What you give back must match the records below exactly, apart from the pictures, which are omitted.

Caption-style text data:
=== Section Start ===
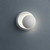 LED Wall Lamp 360 Degree Rotatable Round Crescent Wall Light Night Light Creative Modern Bedside Lamp for Living Room Bedroom Hallway Aisle Corridor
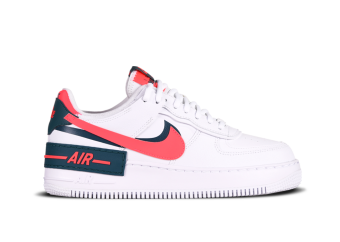NIKE AIR FORCE 1 LOW SHADOW WHITE SOLAR RED
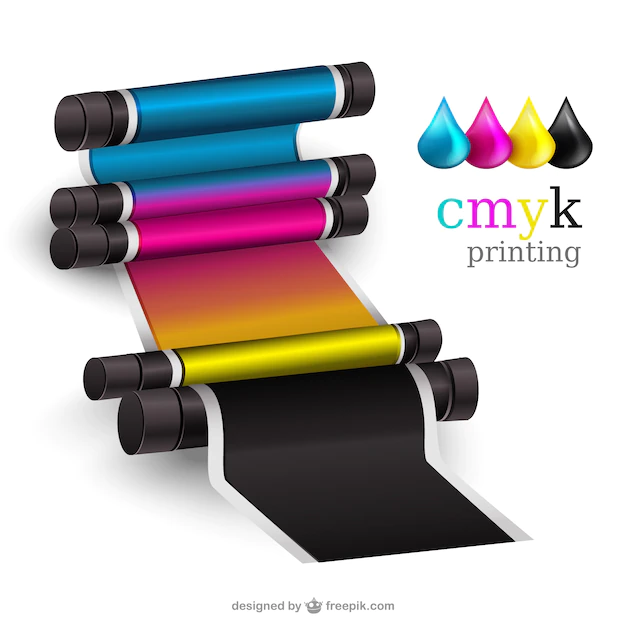Free Vector | Cmyk printing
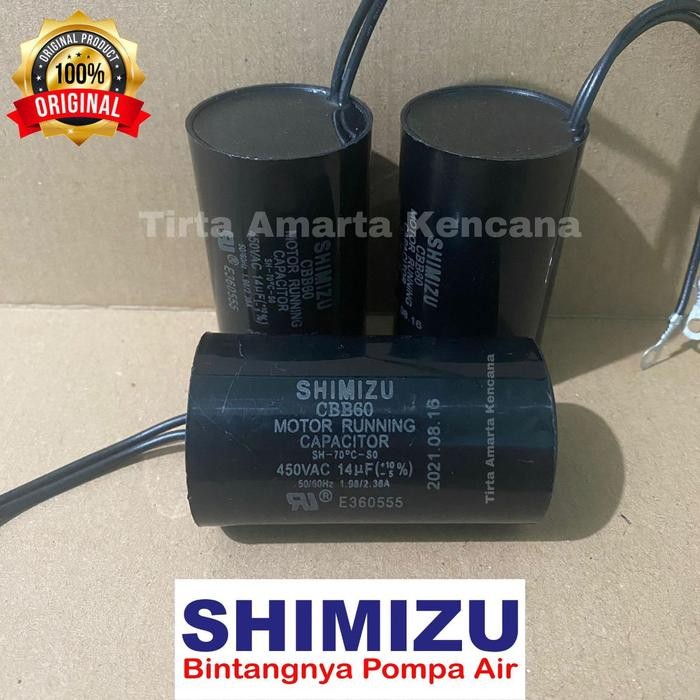 Terbatas Kapasitor 14Uf 450V Pompa Air Shimizu Original Terlariss 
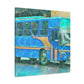 Bus of Colorful Hues - Canvas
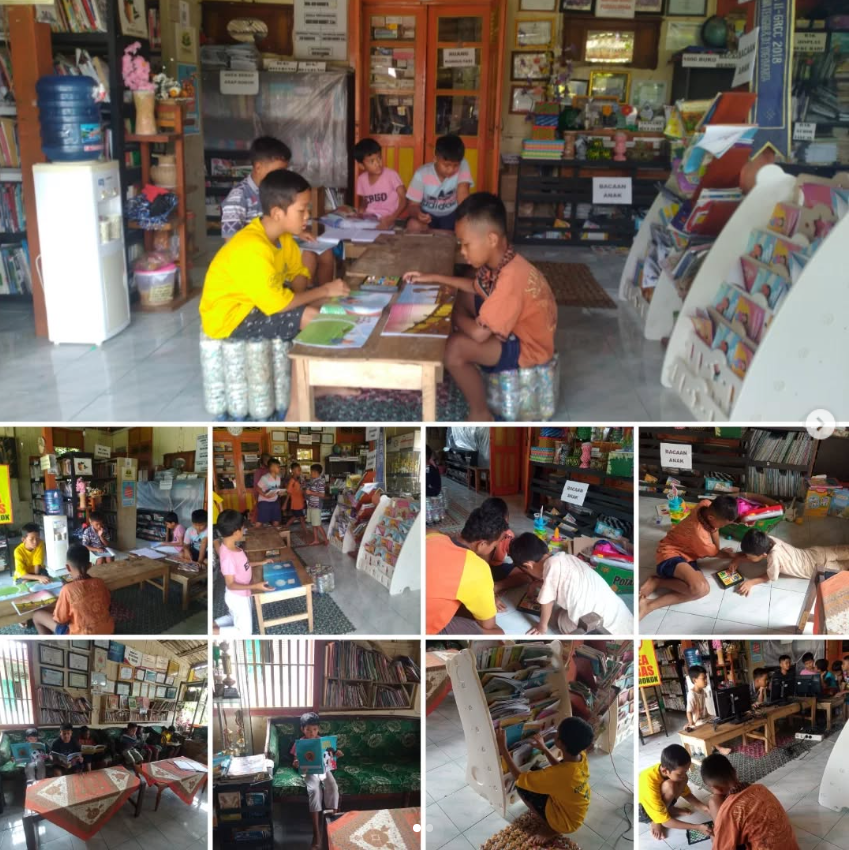 Limbah Pustaka Terus Berinovasi Ciptakan Ruang Nyaman untuk Anak-anak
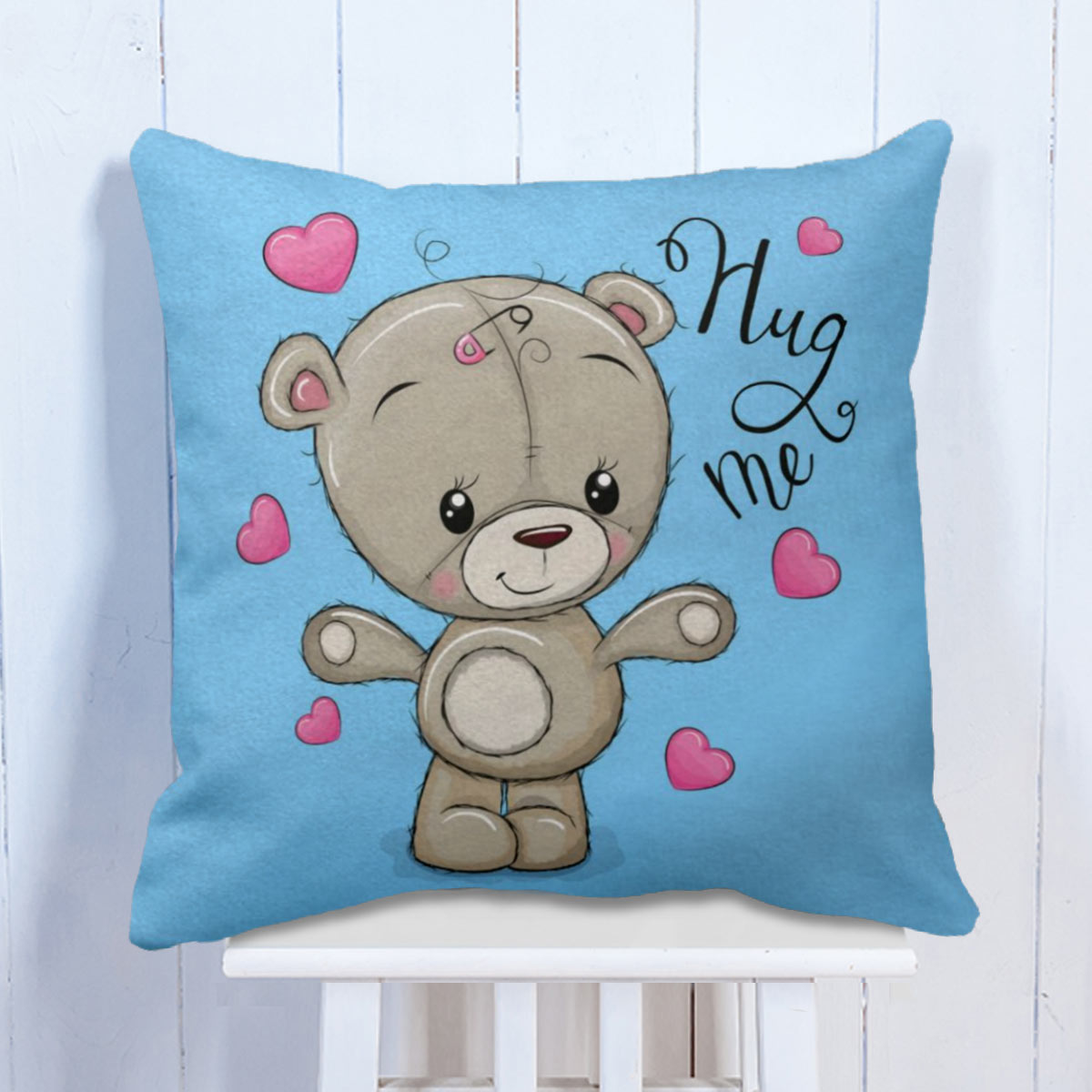 Hug Me Teddy Cushion Gift For Hug Day 1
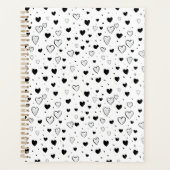 Modern Hearts Pattern Planner (Voorkant)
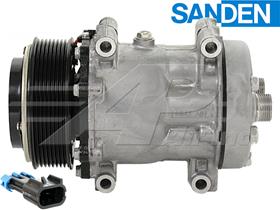OE Sanden Compressor SD7H15SPHD - 119mm, 8 Groove SHD Clutch, 12V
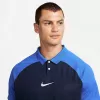 Nike Academy Pro ανδρικό πόλο με κοντό μανίκι Obsidian/λευκό M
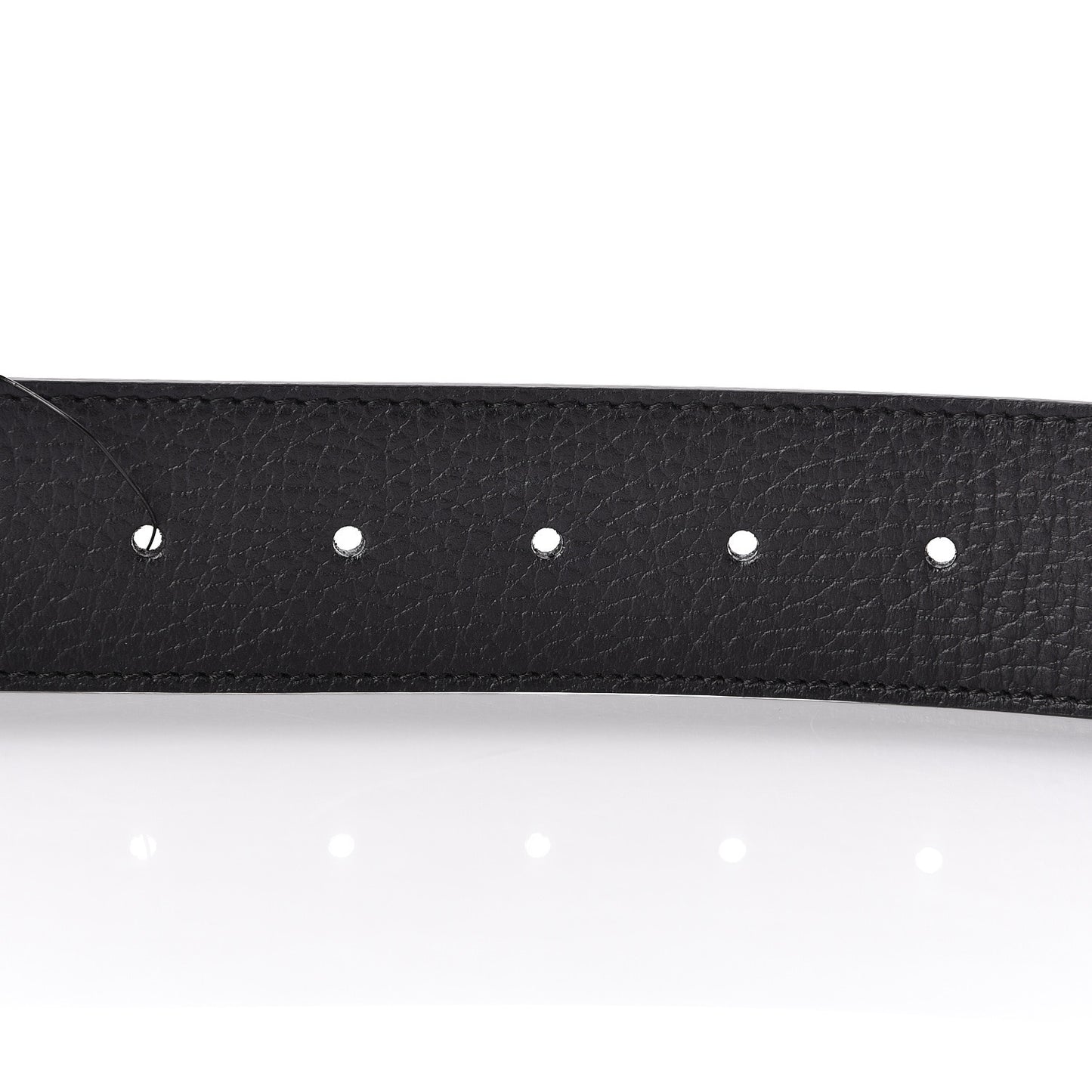 Dollar Calfskin 1973 Reversible Belt 90 36 Black Deep Cobalt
=== Section End ===
Answer box -
 LED Wall Lamp 360 Degree Rotatable Round Crescent Wall Light Night Light Creative Modern Bedside Lamp for Living Room Bedroom Hallway Aisle Corridor
NIKE AIR FORCE 1 LOW SHADOW WHITE SOLAR RED
Free Vector | Cmyk printing
 Terbatas Kapasitor 14Uf 450V Pompa Air Shimizu Original Terlariss 
 Bus of Colorful Hues - Canvas
 Limbah Pustaka Terus Berinovasi Ciptakan Ruang Nyaman untuk Anak-anak
 Hug Me Teddy Cushion Gift For Hug Day 1
 Modern Hearts Pattern Planner (Voorkant)
OE Sanden Compressor SD7H15SPHD - 119mm, 8 Groove SHD Clutch, 12V
 Nike Academy Pro ανδρικό πόλο με κοντό μανίκι Obsidian/λευκό M
 Dollar Calfskin 1973 Reversible Belt 90 36 Black Deep Cobalt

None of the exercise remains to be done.